---------- Extracted information

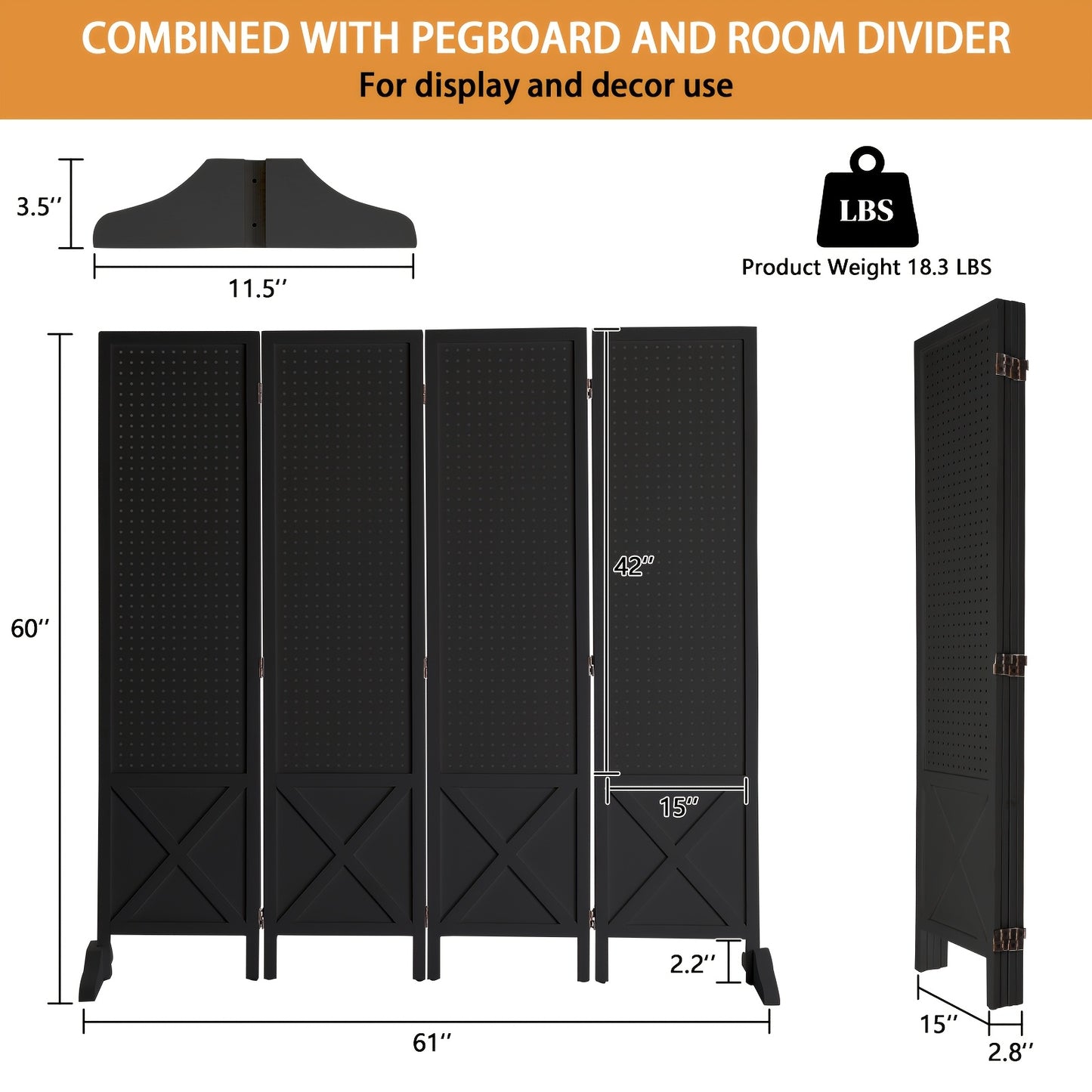 Room Divider shown in the Black, 4 panels option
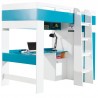 Lit mezzanine enfant en bois blanc et bleu, 1 echelle, espace bureau et rangements, Gamme braga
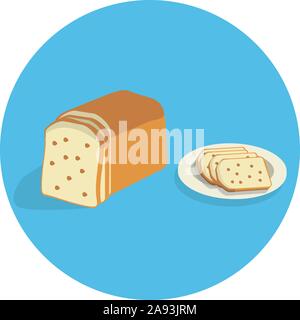 Panetteria pane icona fresche a fette di pane di grano Illustrazione Vettoriale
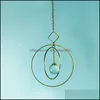 Décorations intérieures voiture pendentif accessoires Decoraction géométrique cercle balançoire rétroviseur cristal suspendu ornement pour fille goutte Dhw1R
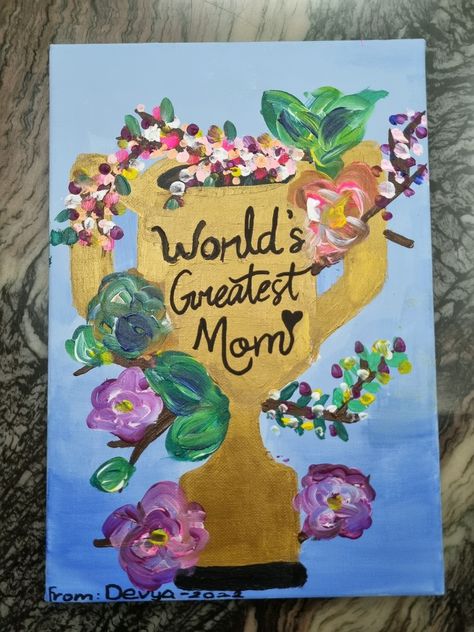 Mothers Days Painting, Mothers Day Gift Painting, Drawings For Moms Day, Mothers Day Crafts Painting, Painting Ideas For Mom Birthday From Daughter, Mothers Day Gift Ideas Painting, Things To Paint For Your Mom Gift Ideas, Teacher's Day Painting Ideas Acrylic, Art For Mothers Day Ideas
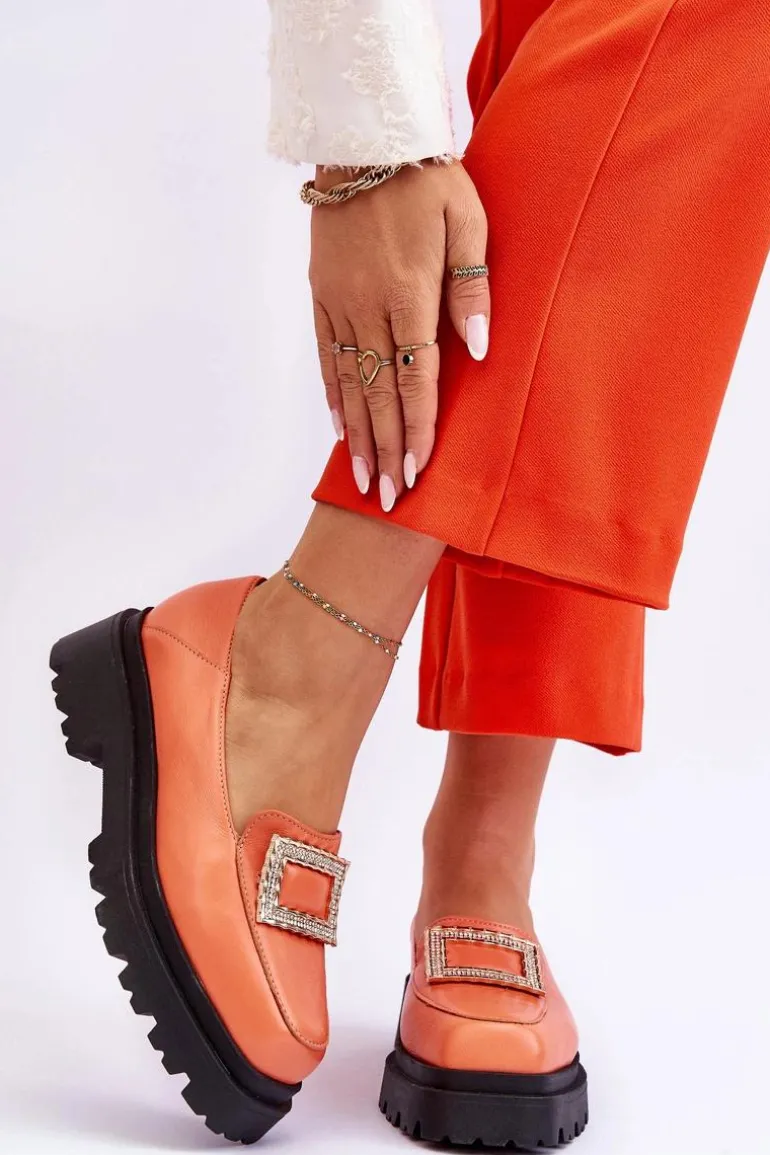 Wygodne Skórzane Mokasyny Pomarańczowe Agathe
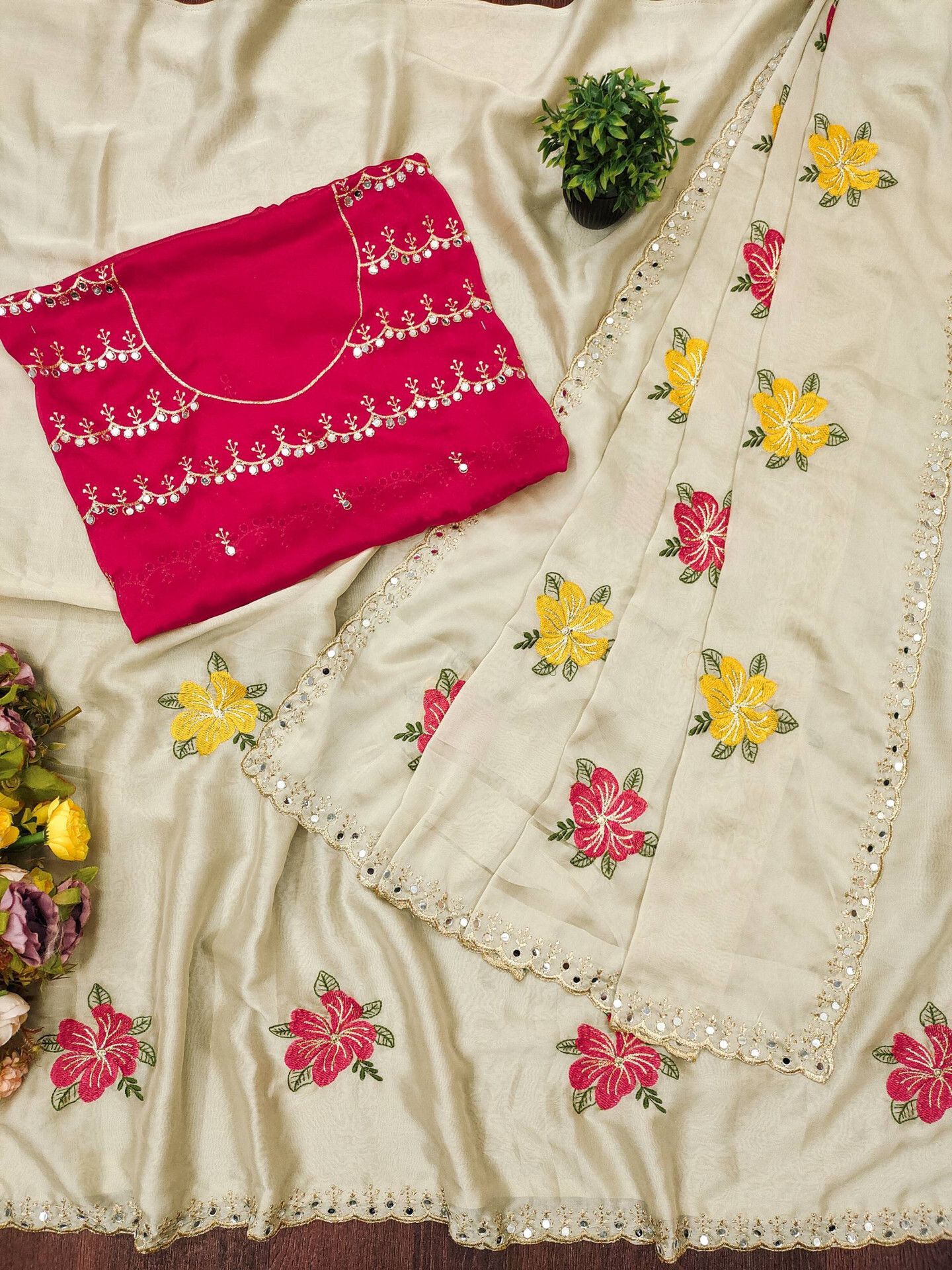 Unstitched Silk Blend Blouse Material Embroidered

--------------------

* Activity *
Restate exactly, please, only the lines between the start of the data and the line containing "Panetteria pane icona", both ends included, skipping the pictures.

* Problem solution *
 Room Divider shown in the Black, 4 panels option
 Lit mezzanine enfant en bois blanc et bleu, 1 echelle, espace bureau et rangements, Gamme braga
 Panetteria pane icona fresche a fette di pane di grano Illustrazione Vettoriale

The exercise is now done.